**What you have to do**
Look for the string "using" in the data below, and copy each line that holds it.

Start of Records to use

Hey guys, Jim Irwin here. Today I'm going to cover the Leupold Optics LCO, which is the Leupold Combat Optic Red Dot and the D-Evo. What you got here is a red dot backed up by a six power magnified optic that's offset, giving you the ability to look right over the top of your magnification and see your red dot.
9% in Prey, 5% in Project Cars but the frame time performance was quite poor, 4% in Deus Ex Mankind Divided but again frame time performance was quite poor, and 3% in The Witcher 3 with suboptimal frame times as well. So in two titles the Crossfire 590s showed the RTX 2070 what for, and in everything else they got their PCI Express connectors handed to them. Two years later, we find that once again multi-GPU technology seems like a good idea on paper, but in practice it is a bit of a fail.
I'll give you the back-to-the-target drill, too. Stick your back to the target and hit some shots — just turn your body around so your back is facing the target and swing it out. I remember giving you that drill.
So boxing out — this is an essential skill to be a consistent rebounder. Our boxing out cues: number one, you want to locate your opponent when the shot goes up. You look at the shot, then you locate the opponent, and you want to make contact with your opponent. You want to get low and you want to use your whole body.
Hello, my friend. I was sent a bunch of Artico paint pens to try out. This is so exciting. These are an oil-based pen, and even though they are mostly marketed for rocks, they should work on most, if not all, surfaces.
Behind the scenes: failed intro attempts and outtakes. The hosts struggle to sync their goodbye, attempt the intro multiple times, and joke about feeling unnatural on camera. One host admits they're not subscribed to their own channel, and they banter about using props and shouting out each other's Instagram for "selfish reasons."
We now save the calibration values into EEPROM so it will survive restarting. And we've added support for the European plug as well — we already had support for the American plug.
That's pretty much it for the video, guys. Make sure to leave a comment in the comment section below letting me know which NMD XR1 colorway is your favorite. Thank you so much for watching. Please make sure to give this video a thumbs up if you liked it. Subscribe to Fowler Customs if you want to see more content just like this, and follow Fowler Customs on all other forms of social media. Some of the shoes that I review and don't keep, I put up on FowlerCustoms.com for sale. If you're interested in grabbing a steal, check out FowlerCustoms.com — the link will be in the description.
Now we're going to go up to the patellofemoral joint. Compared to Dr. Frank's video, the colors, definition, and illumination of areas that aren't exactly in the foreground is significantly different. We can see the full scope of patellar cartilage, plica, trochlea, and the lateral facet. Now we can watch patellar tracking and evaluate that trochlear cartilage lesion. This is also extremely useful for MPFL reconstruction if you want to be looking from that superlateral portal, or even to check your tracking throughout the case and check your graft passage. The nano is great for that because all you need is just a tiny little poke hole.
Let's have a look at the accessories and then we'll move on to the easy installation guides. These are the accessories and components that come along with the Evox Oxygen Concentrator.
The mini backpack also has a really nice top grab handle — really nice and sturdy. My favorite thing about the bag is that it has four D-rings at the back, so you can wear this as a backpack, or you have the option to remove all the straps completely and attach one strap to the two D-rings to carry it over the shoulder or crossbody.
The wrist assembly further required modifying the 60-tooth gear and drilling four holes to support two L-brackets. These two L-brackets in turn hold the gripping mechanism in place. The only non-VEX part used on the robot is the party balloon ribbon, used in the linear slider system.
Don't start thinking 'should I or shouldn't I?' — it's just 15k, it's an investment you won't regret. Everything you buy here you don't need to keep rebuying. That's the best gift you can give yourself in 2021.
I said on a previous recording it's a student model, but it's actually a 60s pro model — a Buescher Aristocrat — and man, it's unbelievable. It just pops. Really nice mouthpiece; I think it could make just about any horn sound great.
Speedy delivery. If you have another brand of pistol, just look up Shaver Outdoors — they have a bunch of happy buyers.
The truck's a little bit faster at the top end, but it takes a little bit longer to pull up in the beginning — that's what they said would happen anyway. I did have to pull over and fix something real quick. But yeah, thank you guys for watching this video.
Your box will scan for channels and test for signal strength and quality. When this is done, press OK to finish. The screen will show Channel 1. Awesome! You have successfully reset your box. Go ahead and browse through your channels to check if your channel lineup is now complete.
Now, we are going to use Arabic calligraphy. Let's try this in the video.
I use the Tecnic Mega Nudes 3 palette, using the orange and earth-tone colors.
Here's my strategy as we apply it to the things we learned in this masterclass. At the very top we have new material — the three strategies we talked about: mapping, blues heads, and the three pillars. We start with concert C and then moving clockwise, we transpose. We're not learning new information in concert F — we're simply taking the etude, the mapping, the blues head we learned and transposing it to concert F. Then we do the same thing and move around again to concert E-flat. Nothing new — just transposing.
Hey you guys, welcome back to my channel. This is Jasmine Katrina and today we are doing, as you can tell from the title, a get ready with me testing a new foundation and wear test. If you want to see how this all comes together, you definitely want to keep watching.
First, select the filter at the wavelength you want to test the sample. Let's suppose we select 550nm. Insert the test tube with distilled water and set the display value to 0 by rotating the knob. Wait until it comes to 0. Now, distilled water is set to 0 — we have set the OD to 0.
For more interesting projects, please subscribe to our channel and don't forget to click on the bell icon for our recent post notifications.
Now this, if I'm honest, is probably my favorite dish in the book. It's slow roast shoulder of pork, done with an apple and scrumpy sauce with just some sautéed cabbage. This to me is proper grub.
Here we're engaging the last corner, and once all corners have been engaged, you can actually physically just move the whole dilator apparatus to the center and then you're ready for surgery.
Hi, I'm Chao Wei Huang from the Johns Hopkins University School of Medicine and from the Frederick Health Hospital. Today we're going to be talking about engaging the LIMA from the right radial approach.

End of Records to use

**Solution to this task**
Behind the scenes: failed intro attempts and outtakes. The hosts struggle to sync their goodbye, attempt the intro multiple times, and joke about feeling unnatural on camera. One host admits they're not subscribed to their own channel, and they banter about using props and shouting out each other's Instagram for "selfish reasons."
I use the Tecnic Mega Nudes 3 palette, using the orange and earth-tone colors.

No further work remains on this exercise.